The headers 41 and 42 may include a first header 41 and a second header 42 joined to both ends of each of the refrigerant tubes 20. The refrigerant pipes 43 and 44 may include a first refrigerant pipe 43 installed at one side of the upper portion of the second header 42 and a second refrigerant pipe 44 installed at one side of the lower portion of the second header 42. One side of the first refrigerant pipe 43 may be connected to the compressor 7, and one side of the second refrigerant pipe 44 may be connected to the expansion valve 3.

In the case that the refrigerant is introduced through the first refrigerant pipe 43 and discharged through the second refrigerant pipe 44, the heat exchanger 5 may function as a condenser. On the other hand, in the case that the refrigerant is introduced through the second refrigerant pipe 44 and discharged through the first refrigerant pipe 43, the heat exchanger 5 may function as an evaporator. FIG. 2 shows a heat exchanger 5 used as an evaporator in which the refrigerant is introduced through the second refrigerant pipe 44 for heat exchange and discharged through the first refrigerant pipe 43.

The first header 41 and the second header 42 are joined to both ends of each of the refrigerant tubes 20. The refrigerant may flow along the refrigerant tubes 20 communicating with each other through the first header 41 and the second header 42. The refrigerant tubes 20 extend as long as possible to increase the area for heat exchange between the refrigerant and the external air, but extension thereof in a longitudinal direction is spatially restricted. Accordingly, the first header 41 and the second header 42 may be provided with baffles 50a, 50, 50c joined to both ends of the refrigerant tubes 20 to divert the refrigerant.

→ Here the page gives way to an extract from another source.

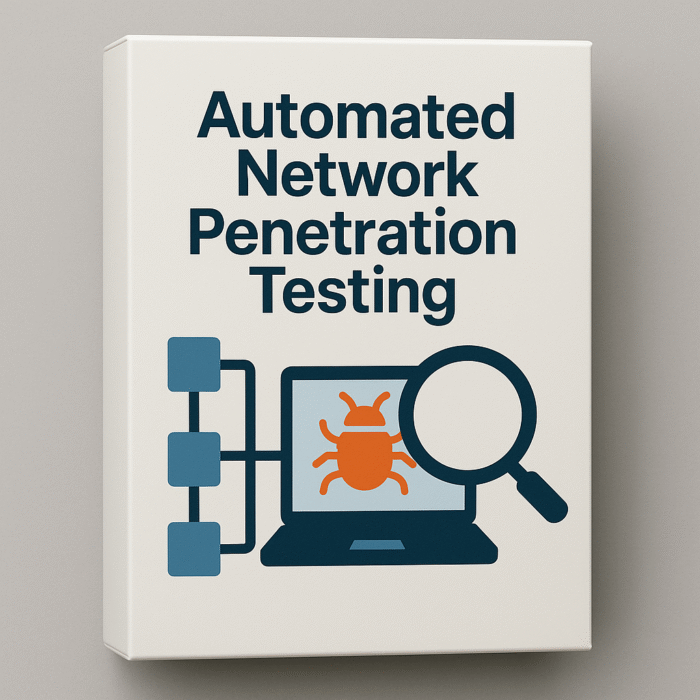 Automated Penetration Testing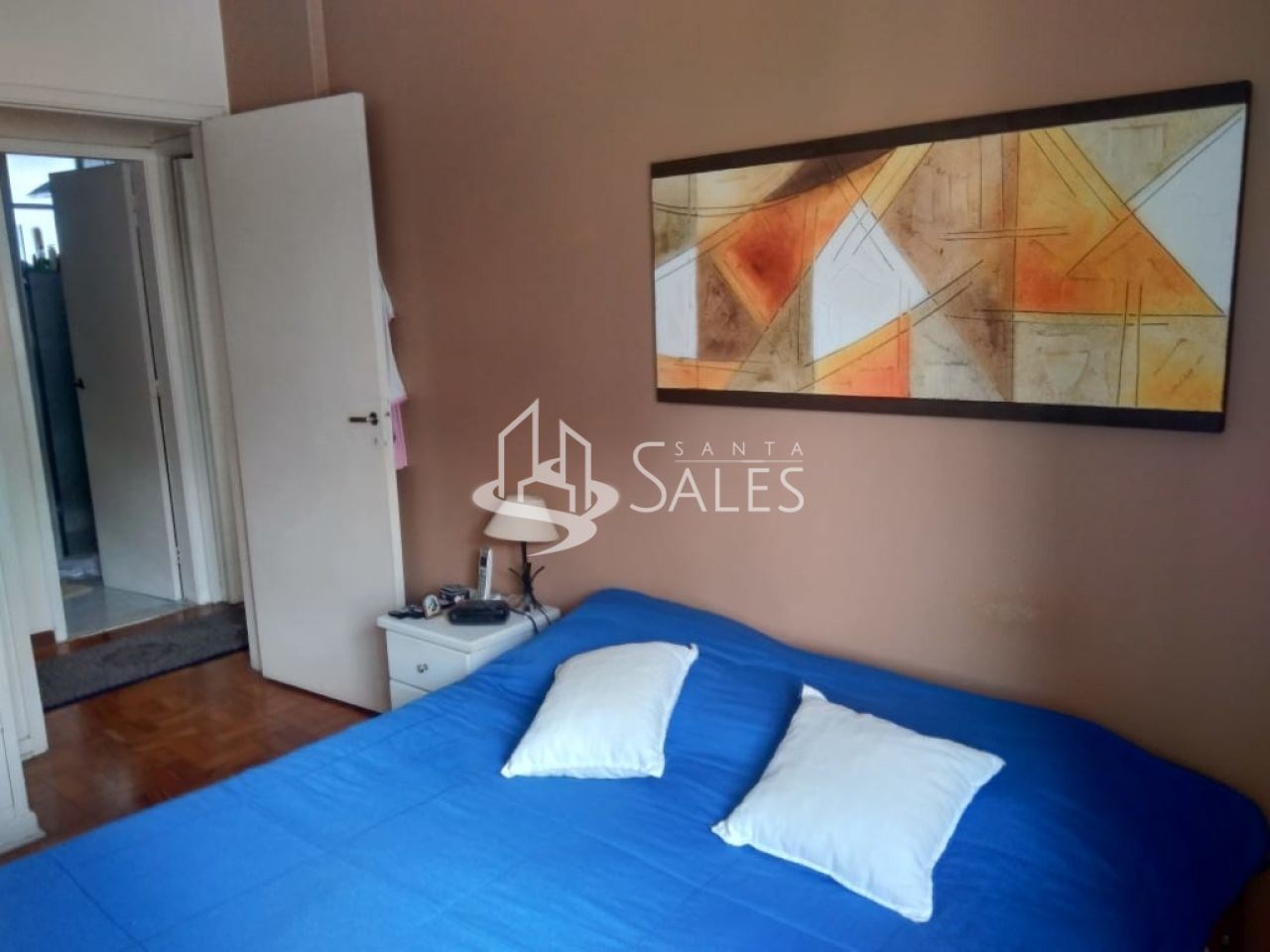 Apartamento, 2 quartos, 100 m² - Foto 8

At least one of the baffles 50a, 50b, 50c may be installed to block the longitudinal flow of the refrigerant flowing in the headers 41 and 42. The baffles 50a, 50b, 50c may be installed in the first header 41 and the second header 42 and spaced a certain distance from each other. As shown in FIG. 2, the baffles 50a, 50b, 50c may be alternately arranged in the first header 41 and the second header 42 to allow the refrigerant to flow along the refrigerant tubes 20 in alternating directions and then pass through the heat exchanger 5. By the baffles 50a, 50b, 50c diverting the flow direction of the refrigerant, refrigerant tubes 20 may be divided into a plurality of adjacent groups. In the refrigerant tubes from the same group, the refrigerant flows in the same direction.

A first direction A is defined as the direction in which the refrigerant is directed from the second header 42 toward the first header 41, and a second direction B is defined as the direction in which the refrigerant is directed from the first header 41 to the second header 42. As shown in FIG. 2, the refrigerant introduced through the second refrigerant pipe 44 flows through the refrigerant tubes 20 in the first direction A. The first baffle 50a positioned in the second header 42 causes the refrigerant to move along the refrigerant tubes 20 in the first direction A without flowing to the upper portion of the second header 42. After moving to the first header 41 positioned at the end of the path in the first direction A, the refrigerant is introduced into the first header 41 by pressure, and then caused to flow in the second direction B by the second baffle 50b positioned in the first header 41.

The refrigerant flowing in the second direction B moves again to the second header 42, and is prevented from moving to the lower portion of the second header 42 by the first baffle 50a. The third baffle 50c positioned over the first baffle 50a in the second header 42 may divert the refrigerant again to the first direction A. That is, in the inner space of the second header having the lower portion closed by the first baffle 50a and the upper portion closed by the third baffle 50c, the refrigerant enters the inner space in the second direction B and leaves the space in the first direction A. Flowing out of the second header 42 in the first direction A, the refrigerant enters the first header 41 and is prevented from flowing downward by the second baffle 50b. The refrigerant diverted by the closed end portion 41a of the first header 41 flows in the second direction B and leaves the first header 41 through the first refrigerant pipe 43.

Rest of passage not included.